What you have to do:
Every line of the data below is to be duplicated exactly, pictures excepted.

Recorded information:
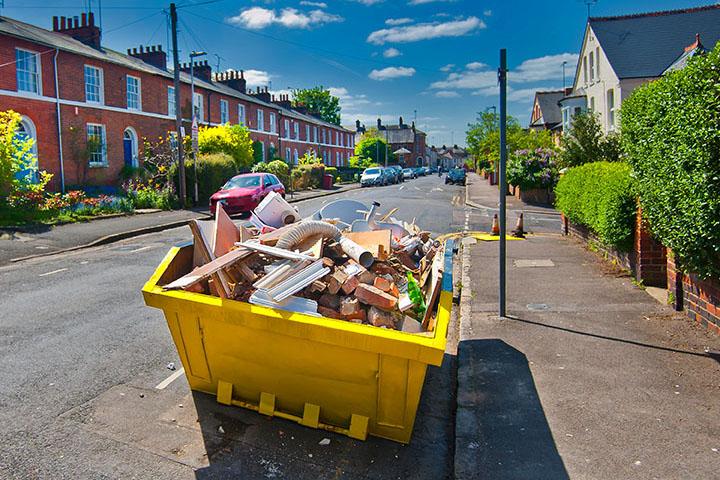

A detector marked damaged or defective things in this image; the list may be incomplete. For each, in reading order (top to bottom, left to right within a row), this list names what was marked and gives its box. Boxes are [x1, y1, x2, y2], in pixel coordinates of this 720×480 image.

broken brick [352, 284, 396, 312]
broken brick [368, 308, 396, 330]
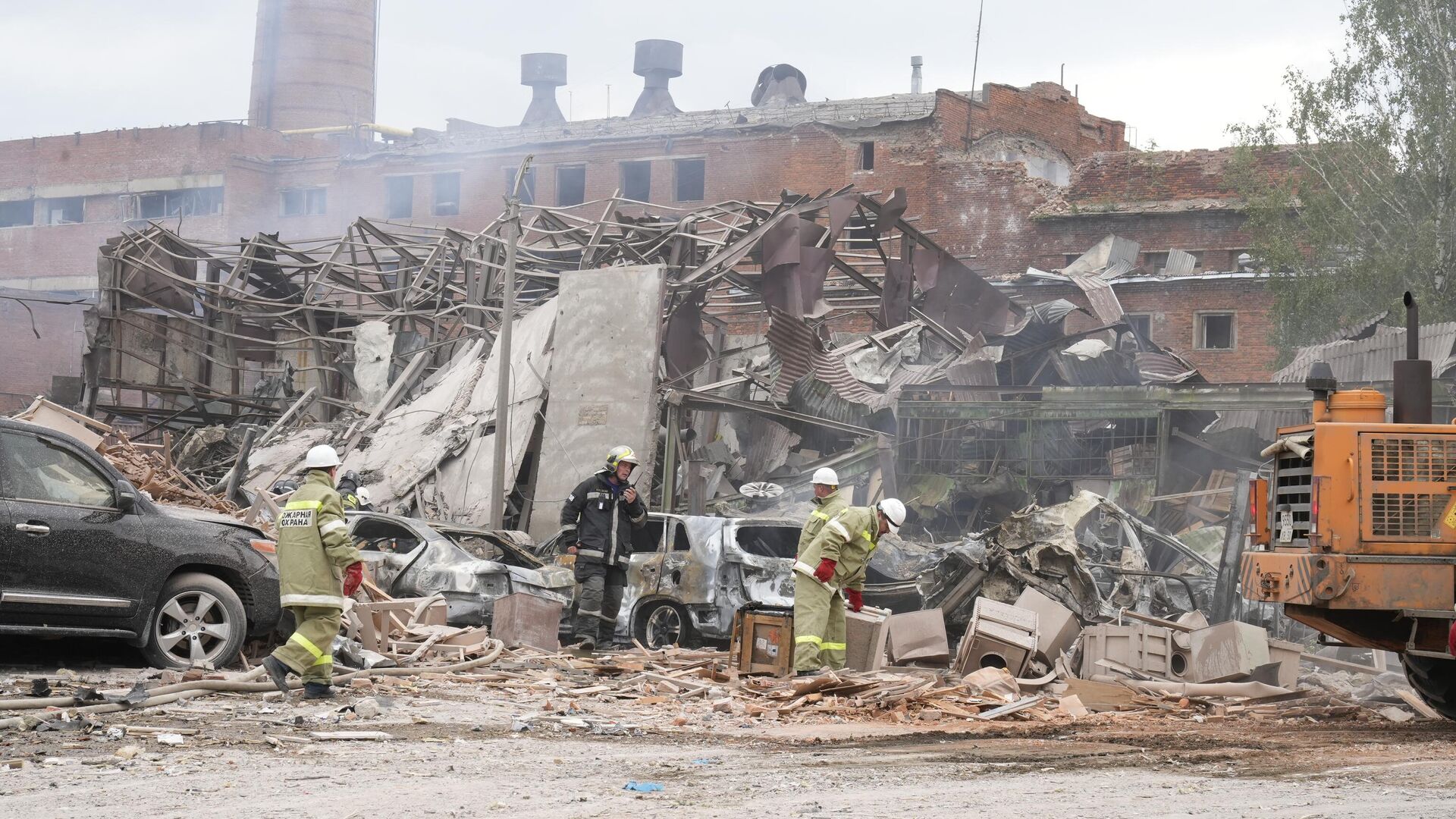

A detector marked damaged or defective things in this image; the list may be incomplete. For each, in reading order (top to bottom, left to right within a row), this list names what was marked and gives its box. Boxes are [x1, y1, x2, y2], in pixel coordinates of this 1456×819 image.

shattered roofing [387, 93, 937, 155]
broken window [850, 140, 874, 170]
broken window [0, 196, 33, 224]
broken window [44, 196, 83, 224]
broken window [137, 186, 222, 218]
broken window [276, 186, 326, 215]
broken window [384, 175, 413, 218]
broken window [431, 171, 460, 215]
broken window [510, 164, 538, 204]
broken window [553, 164, 582, 205]
broken window [620, 160, 649, 201]
broken window [675, 156, 704, 201]
broken window [1200, 312, 1235, 347]
charred car body [347, 507, 573, 620]
burned car [347, 510, 573, 623]
burned car [535, 510, 920, 650]
broken furniture [949, 597, 1042, 673]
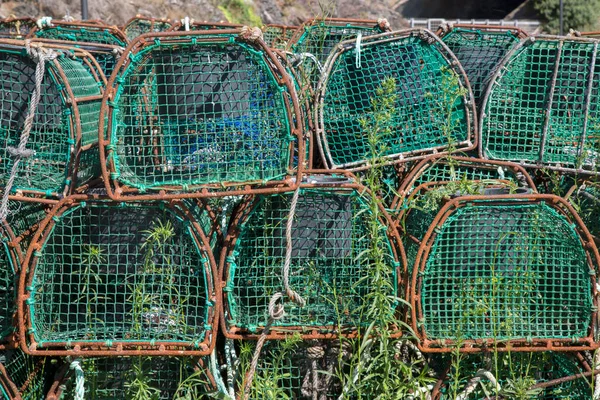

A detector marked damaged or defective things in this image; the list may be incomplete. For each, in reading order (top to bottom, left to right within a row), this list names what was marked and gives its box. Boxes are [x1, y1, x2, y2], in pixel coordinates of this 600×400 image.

rusty metal frame [0, 39, 105, 202]
rusty metal frame [27, 19, 129, 46]
rusty metal frame [16, 195, 220, 354]
rusty metal frame [99, 29, 304, 200]
rusty metal frame [218, 169, 406, 340]
rusty metal frame [314, 28, 478, 172]
rusty metal frame [394, 155, 540, 208]
rusty metal frame [408, 192, 600, 352]
rusty metal frame [478, 34, 600, 177]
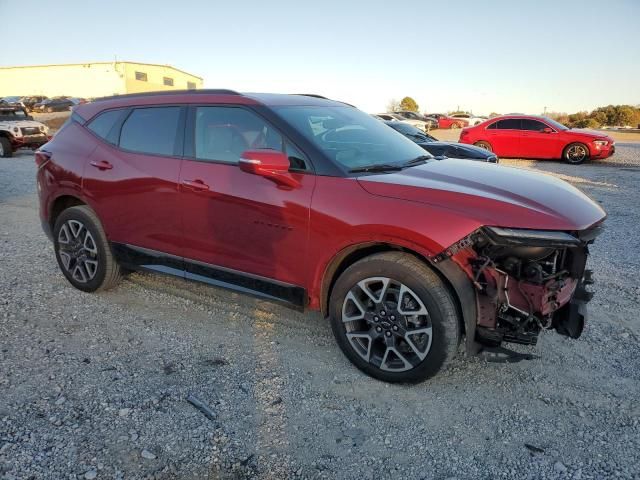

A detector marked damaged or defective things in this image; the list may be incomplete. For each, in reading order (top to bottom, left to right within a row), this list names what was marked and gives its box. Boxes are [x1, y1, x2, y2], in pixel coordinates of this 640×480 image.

crumpled hood [358, 159, 608, 231]
damaged front end [438, 225, 604, 348]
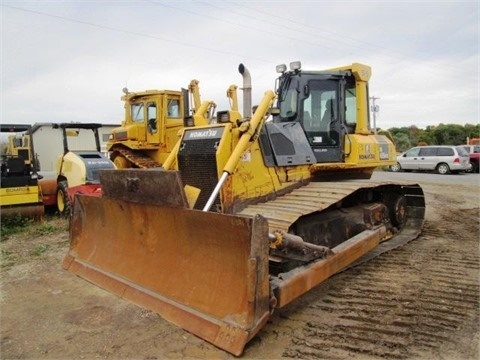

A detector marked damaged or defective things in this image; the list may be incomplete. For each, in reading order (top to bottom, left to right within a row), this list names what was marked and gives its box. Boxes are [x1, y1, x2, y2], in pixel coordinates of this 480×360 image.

rusty dozer blade [63, 169, 272, 354]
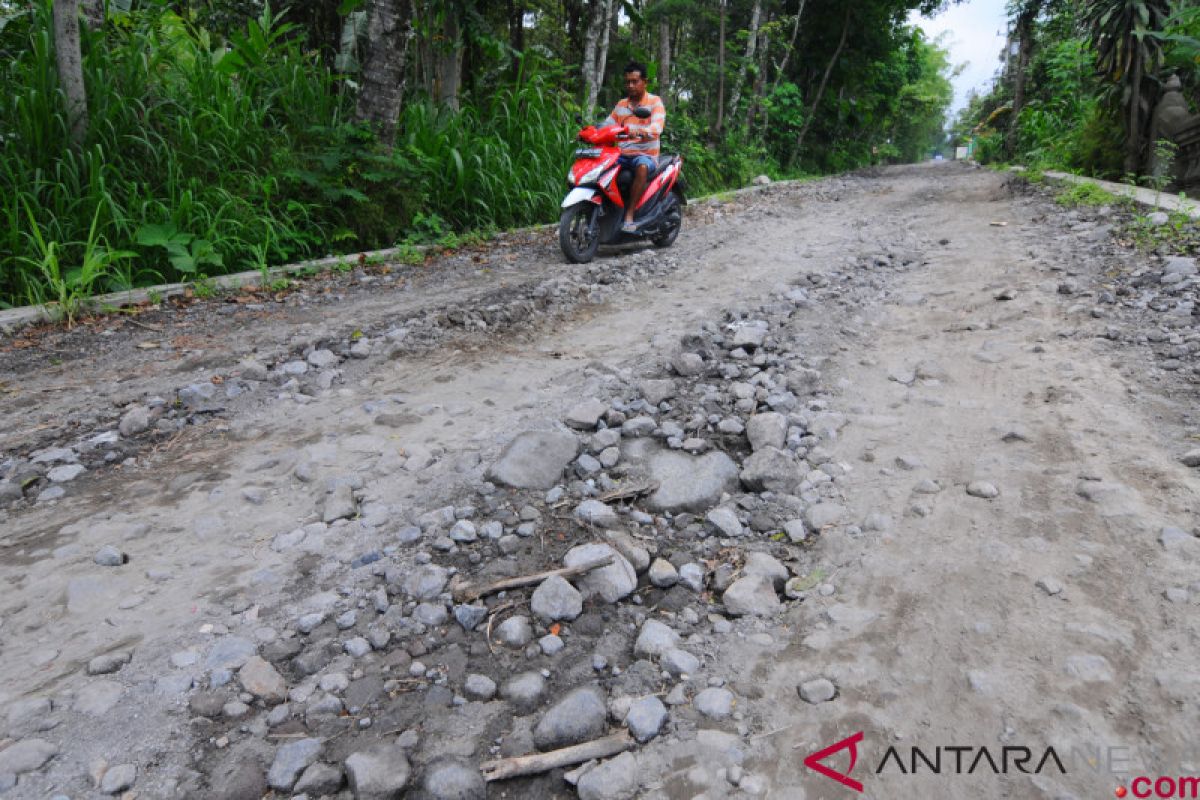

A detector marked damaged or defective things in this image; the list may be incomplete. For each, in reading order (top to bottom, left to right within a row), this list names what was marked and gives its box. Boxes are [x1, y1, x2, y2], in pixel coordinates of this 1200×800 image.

damaged dirt road [2, 164, 1200, 800]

Output for this task:
A detector marked damaged or defective things in this image; the list may be incomplete. For each, in reading order (top to bottom, left to right within a row), this list names what was marked and gives its box. Boxes are [x1, y1, x2, y2], in pixel coordinates of this 720×480 image.

broken brick [352, 284, 396, 312]
broken brick [368, 308, 396, 330]

A detector marked damaged or defective things in this image; the list may be incomplete. For each, in reading order (top to bottom, left to right within a row), this list names what was marked and gives its box. Boxes are [x1, y1, x2, y2], in pixel coordinates of this 1456×819 image.

shattered roofing [387, 93, 937, 155]
broken window [850, 140, 874, 170]
broken window [0, 196, 33, 224]
broken window [44, 196, 83, 224]
broken window [137, 186, 222, 218]
broken window [276, 186, 326, 215]
broken window [384, 175, 413, 218]
broken window [431, 171, 460, 215]
broken window [510, 164, 538, 204]
broken window [553, 164, 582, 205]
broken window [620, 160, 649, 201]
broken window [675, 156, 704, 201]
broken window [1200, 312, 1235, 347]
charred car body [347, 507, 573, 620]
burned car [347, 510, 573, 623]
burned car [535, 510, 920, 650]
broken furniture [949, 597, 1042, 673]

A detector marked damaged or defective things in this image; the list may be incomplete. For each, in reading order (top to bottom, left to right within a row), this list names what was marked and gives its box. Boxes are [x1, y1, x2, y2], in pixel coordinates of this 600×400 image.

rusty metal frame [0, 39, 105, 202]
rusty metal frame [27, 19, 129, 46]
rusty metal frame [16, 195, 220, 354]
rusty metal frame [99, 29, 304, 200]
rusty metal frame [218, 169, 406, 340]
rusty metal frame [314, 28, 478, 172]
rusty metal frame [394, 155, 540, 208]
rusty metal frame [408, 192, 600, 352]
rusty metal frame [478, 34, 600, 177]

A detector marked damaged or defective things in this image; the list may be incomplete. For each, in reading order (top to bottom, left to right within a row), this list names what was marked and gives its box. Boxes are [x1, y1, x2, y2], in pixel coordinates of this 640×480 image.

crumpled hood [358, 159, 608, 231]
damaged front end [438, 225, 604, 348]

A detector marked damaged or defective things in this image; the list may be incomplete. For each, in reading order (top to bottom, left to right within a row), this list names what was marked and gives its box. Boxes are [x1, y1, x2, y2], in pixel coordinates of this 480×360 image.

rusty dozer blade [63, 169, 272, 354]

A detector marked damaged or defective things in this image; the list may be incomplete. For each, in reading order (top to bottom, left to right within a row), this list names what was marked and gives its box. Boxes are [x1, y1, x2, y2], in pixel coordinates of this 1200×800 image.

damaged dirt road [2, 164, 1200, 800]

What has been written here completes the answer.